*Records excerpted from a collection:*
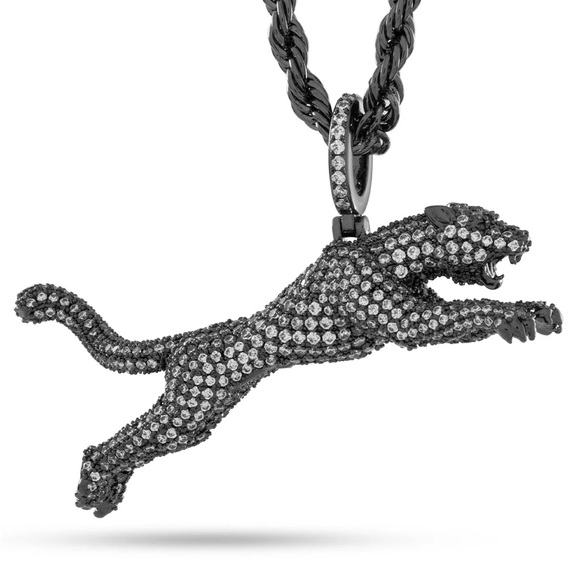 URBAN OUTFITTERS + King Ice Jaguar Chain Necklace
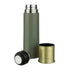 Matte green Jack Pyke Cartridge Flask with metal lid and cup for your adventures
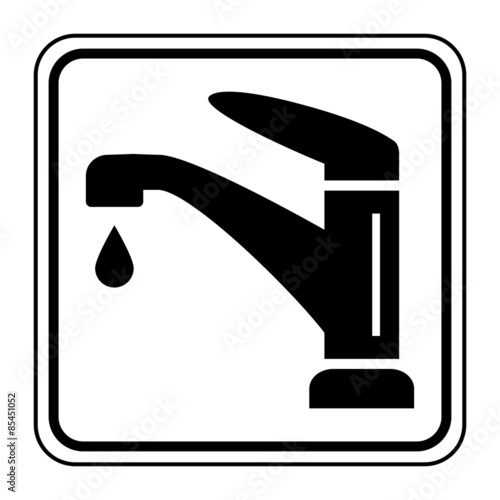 Logo robinet. Plombier.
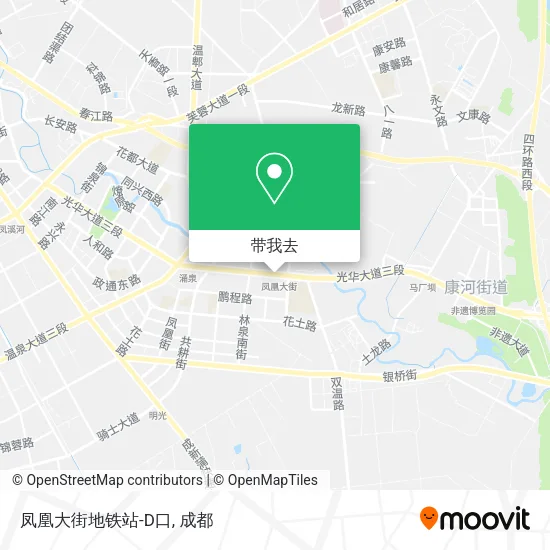 凤凰大街地铁站-D口地图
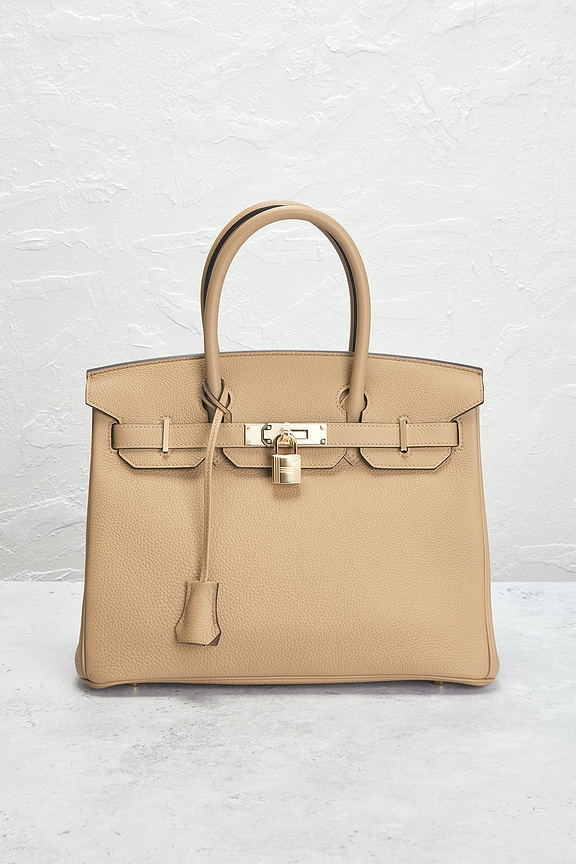 view 2 of 8 Hermes Togo Birkin 30 Handbag in Beige Marfa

*PROBLEM:*
Set down every record above exactly as it stands, but skip the pictures.

*REPLY TO THE EXERCISE:*
 URBAN OUTFITTERS + King Ice Jaguar Chain Necklace
 Matte green Jack Pyke Cartridge Flask with metal lid and cup for your adventures
 Logo robinet. Plombier.
 凤凰大街地铁站-D口地图
 view 2 of 8 Hermes Togo Birkin 30 Handbag in Beige Marfa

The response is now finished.